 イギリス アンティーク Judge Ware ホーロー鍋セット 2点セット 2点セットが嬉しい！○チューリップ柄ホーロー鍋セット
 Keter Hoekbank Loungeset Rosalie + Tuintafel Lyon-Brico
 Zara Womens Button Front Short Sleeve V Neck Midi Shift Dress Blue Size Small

*****

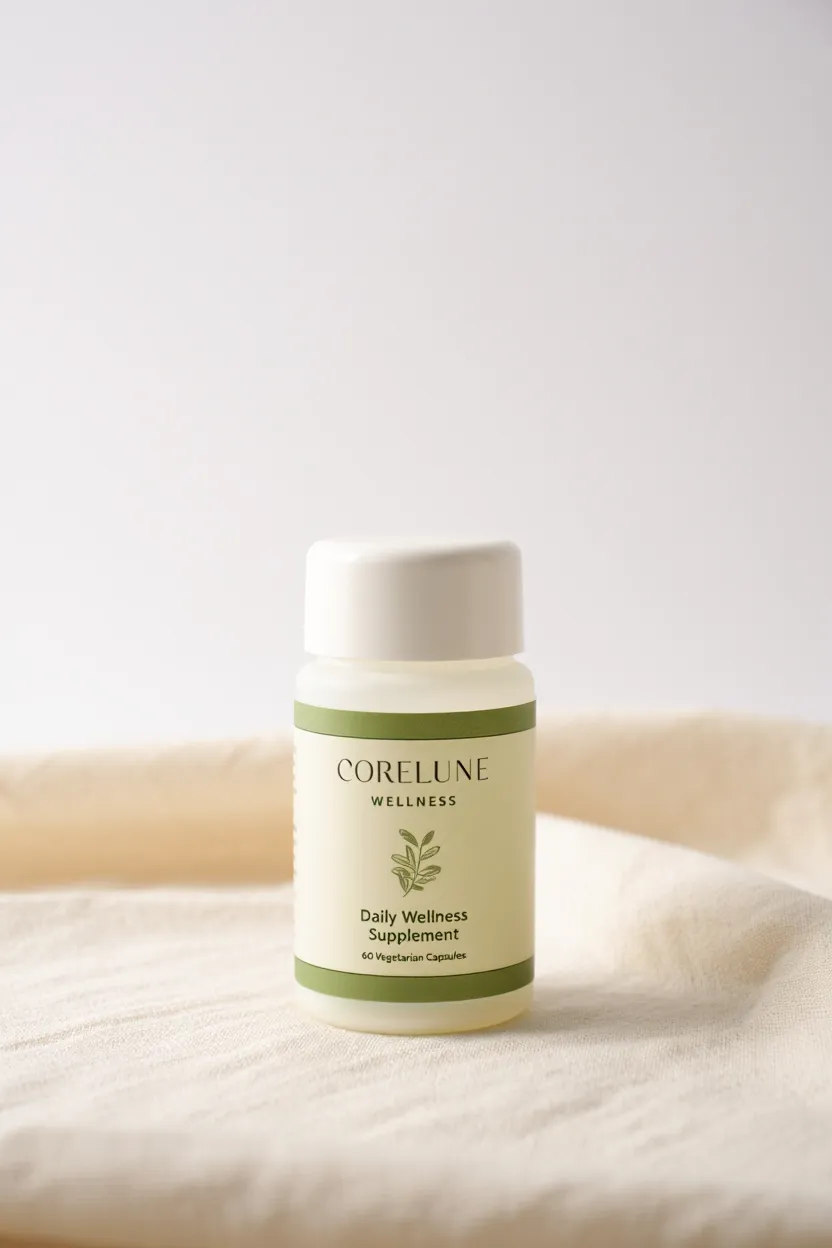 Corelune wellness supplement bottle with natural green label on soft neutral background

*****

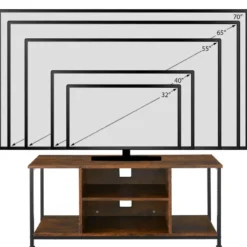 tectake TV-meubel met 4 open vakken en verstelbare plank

*****

** Required work **
Of the lines above, extract only those from the line with "イギリス アンティーク Judge" to the line with "Zara Womens Button", both included, exactly as written.

** Output for this task **
 イギリス アンティーク Judge Ware ホーロー鍋セット 2点セット 2点セットが嬉しい！○チューリップ柄ホーロー鍋セット
 Keter Hoekbank Loungeset Rosalie + Tuintafel Lyon-Brico
 Zara Womens Button Front Short Sleeve V Neck Midi Shift Dress Blue Size Small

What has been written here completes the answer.